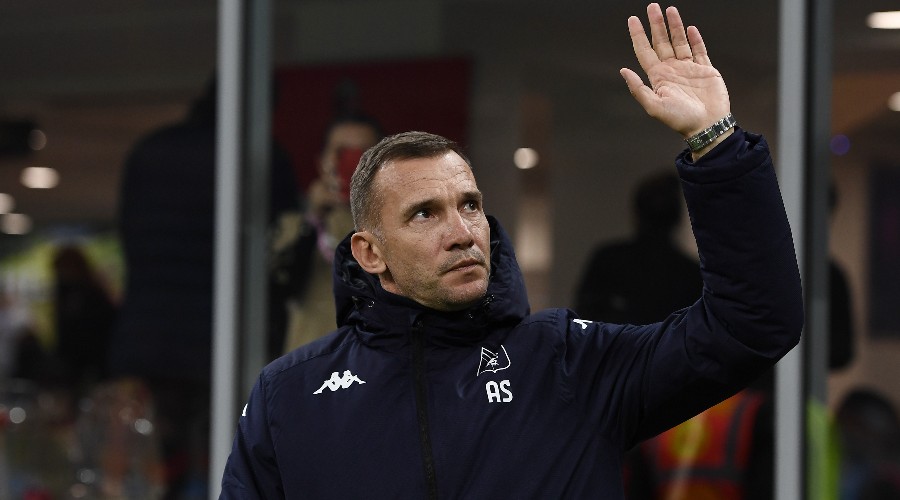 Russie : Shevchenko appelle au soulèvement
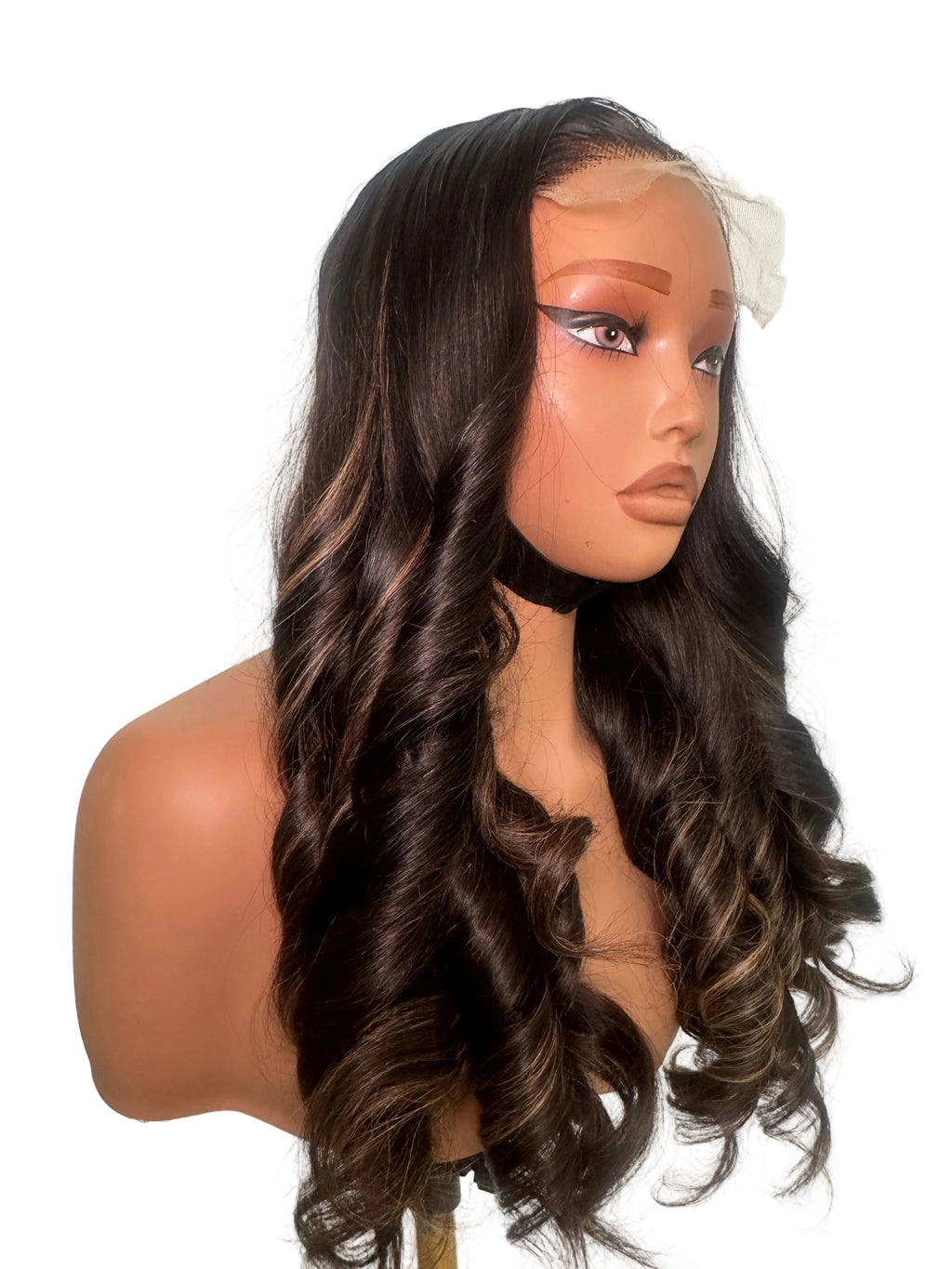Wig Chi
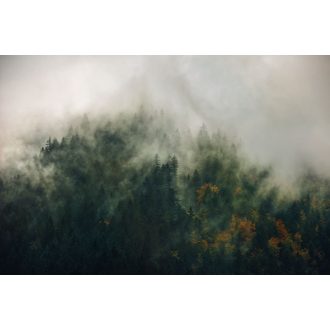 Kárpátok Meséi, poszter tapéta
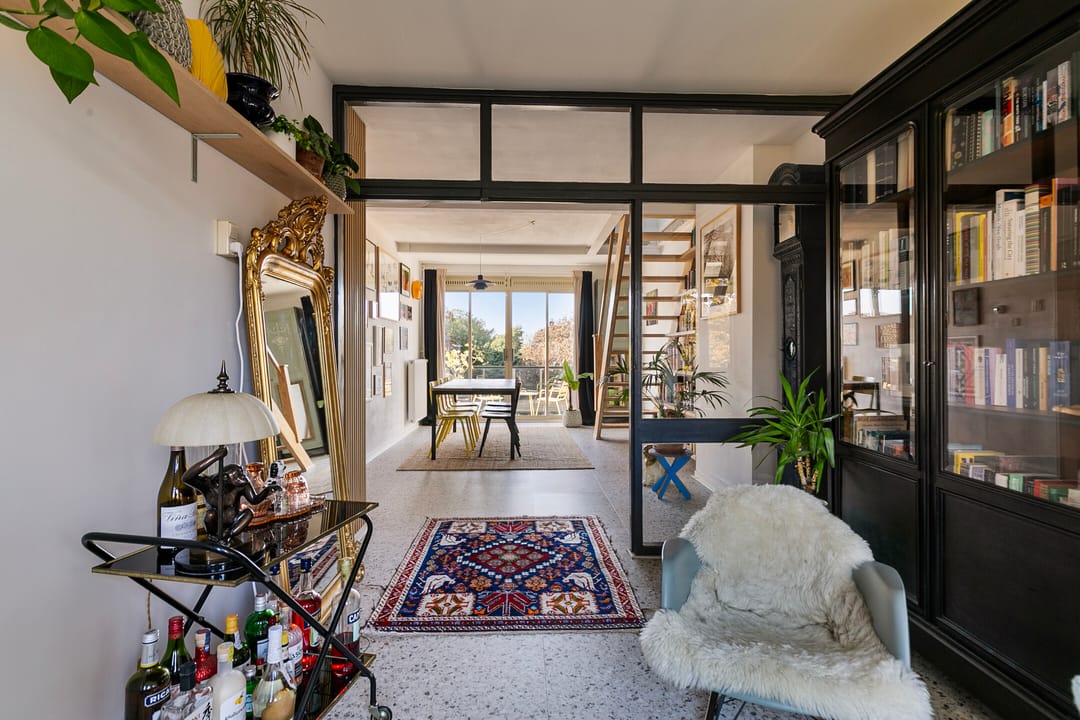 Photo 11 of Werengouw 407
+===+
## Your goal
Once the pictures have been removed, reproduce each line of the material above exactly.

## Answer for the task
 Russie : Shevchenko appelle au soulèvement
Wig Chi
 Kárpátok Meséi, poszter tapéta
 Photo 11 of Werengouw 407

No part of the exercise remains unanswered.